Bahçeli’nin açıklamalarından öne çıkan başlıklar:
“Şiddet vakalarında bir türlü azalma emaresi görülmemektedir”
Üzülerek ifade etmeliyim ki toplumsal bünyeyi ur gibi saran şiddet vakalarında bir türlü azalma, zayıflama ve gerileme emaresi görülmemektedir. Aile faciaları, vahşet haberleri, seri cinayetler, kan donduran diğer menfur hadiseler maalesef milli vicdanı derinden yaralamaktadır. Bazı diziler, gösterişe ve mübalağaya yaslanmış magazin programları, karamsarlık servis eden haberler hepimizi ve herkesi rahatsız etmektedir.

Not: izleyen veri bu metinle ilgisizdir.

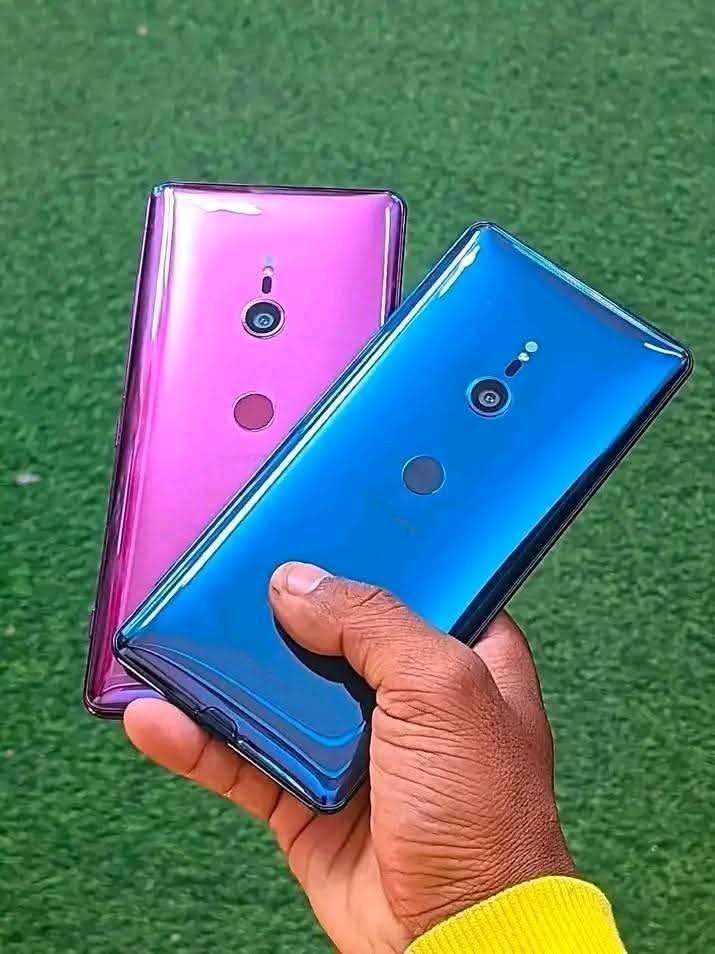 sony xperia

Sabahın en erken saatlerinden gecenin geç vakitlerine kadar kavgadan, kargaşadan, kutuplaşmadan, değerlerimize yönelik linç girişimlerinden başka ekranlarda hiçbir şey göze çarpmamaktadır. Gidişat iyi değildir. Boşuna denilmemiştir: Arsıza yüz vermeyin, tepenize çıkar. Edepsize çok susmayın, sabrınızı yorar. Cahile çok vefalı olmayın, bir pula satar. Yordam bilmeyenle yola çıkmayın, istikametiniz şaşar.
“Bir şura toplantısı başta olmak üzere her çareye müracaat edilmelidir”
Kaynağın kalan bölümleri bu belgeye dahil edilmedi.